**What you should do**
Beginning with the line that holds "Why do conductors" and finishing with the line that holds "This second question", repeat the listing exactly, leaving every picture out.

··· Task inputs

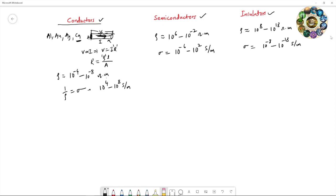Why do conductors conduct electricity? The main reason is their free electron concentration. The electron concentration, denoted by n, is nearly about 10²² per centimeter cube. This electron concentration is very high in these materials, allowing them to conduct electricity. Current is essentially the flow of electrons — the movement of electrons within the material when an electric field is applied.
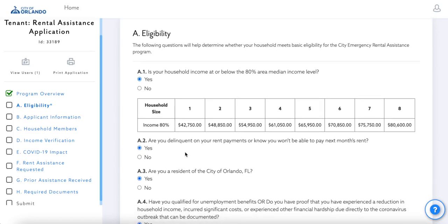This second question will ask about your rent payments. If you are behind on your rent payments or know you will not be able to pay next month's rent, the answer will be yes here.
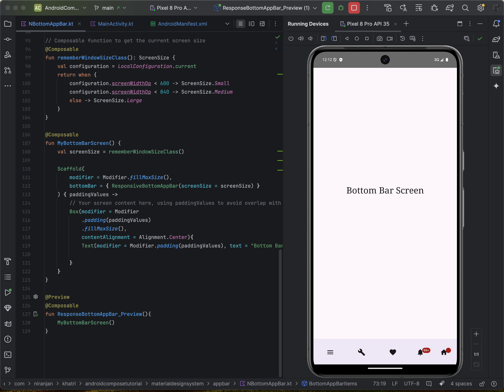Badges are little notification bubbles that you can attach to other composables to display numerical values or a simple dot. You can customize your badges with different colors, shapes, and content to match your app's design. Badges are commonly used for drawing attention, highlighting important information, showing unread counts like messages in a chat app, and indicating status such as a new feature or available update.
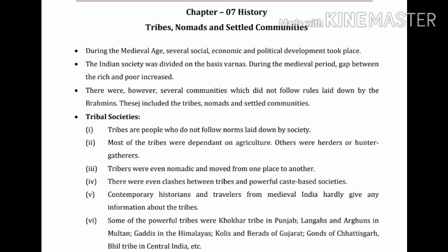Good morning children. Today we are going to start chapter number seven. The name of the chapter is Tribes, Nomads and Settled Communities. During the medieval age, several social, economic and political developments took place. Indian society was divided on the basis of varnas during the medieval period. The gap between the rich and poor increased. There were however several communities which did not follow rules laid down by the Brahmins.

······
··· Task inputs

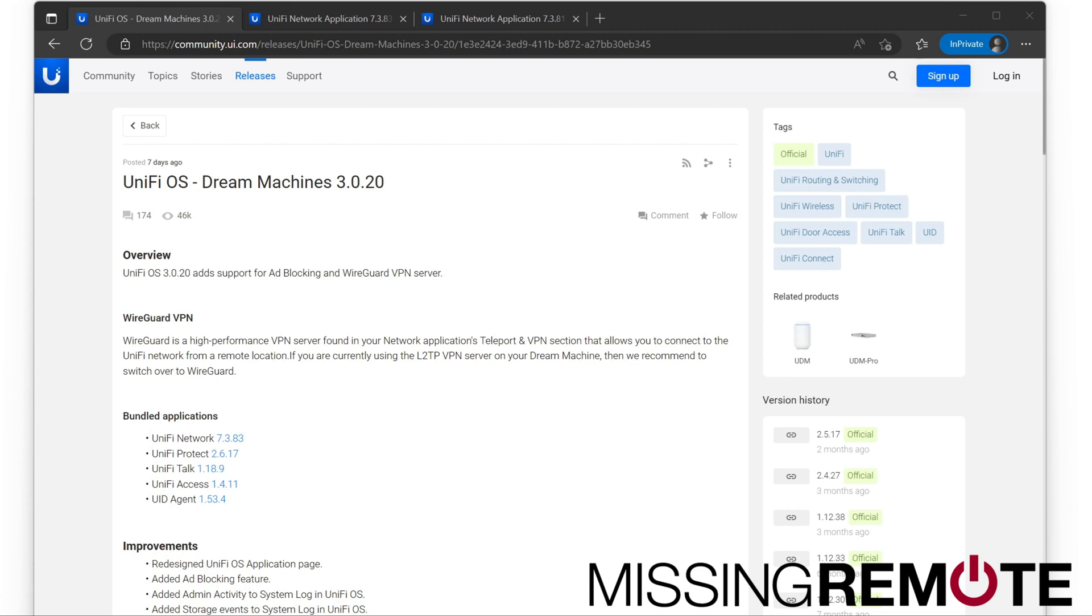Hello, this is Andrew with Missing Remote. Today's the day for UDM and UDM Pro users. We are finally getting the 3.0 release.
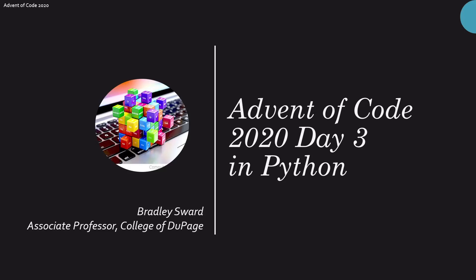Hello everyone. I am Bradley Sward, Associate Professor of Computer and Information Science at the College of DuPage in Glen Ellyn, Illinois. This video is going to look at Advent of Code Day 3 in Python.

······

**Expected answer**
Why do conductors conduct electricity? The main reason is their free electron concentration. The electron concentration, denoted by n, is nearly about 10²² per centimeter cube. This electron concentration is very high in these materials, allowing them to conduct electricity. Current is essentially the flow of electrons — the movement of electrons within the material when an electric field is applied.
This second question will ask about your rent payments. If you are behind on your rent payments or know you will not be able to pay next month's rent, the answer will be yes here.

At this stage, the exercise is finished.